▶ Instructions to follow: Please output the data exactly, minus pictures.
Source material Block Start
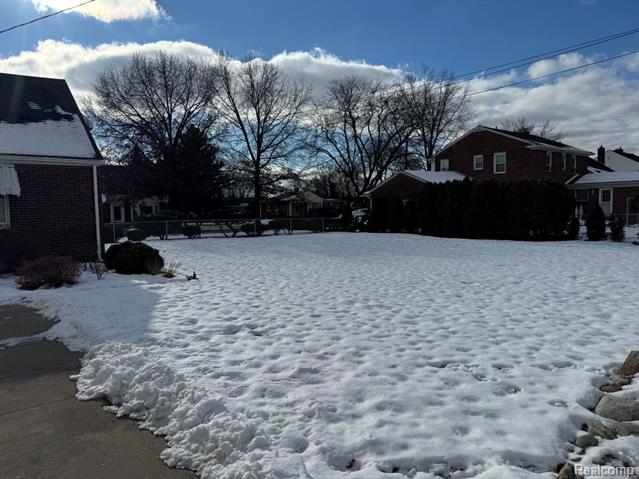 Builiding view seven for 13226 Catalpa, Southgate, MI. 48195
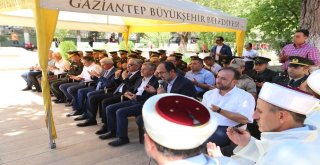 Belediye Başkanı Tahmazoğlu, Bayramı Vatandaşlarla Geçirdi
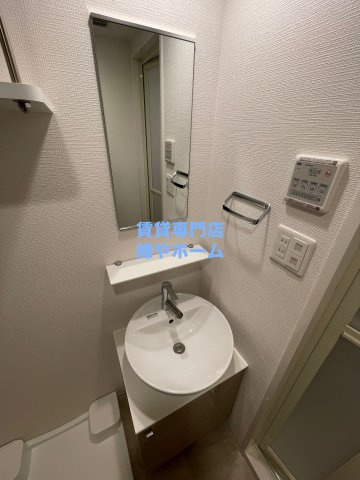 エスリードレジデンス大阪難波の独立洗面台|独立洗面化粧台付き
Source material Block End
▶ Result of the exercise:
 Builiding view seven for 13226 Catalpa, Southgate, MI. 48195
 Belediye Başkanı Tahmazoğlu, Bayramı Vatandaşlarla Geçirdi
 エスリードレジデンス大阪難波の独立洗面台|独立洗面化粧台付き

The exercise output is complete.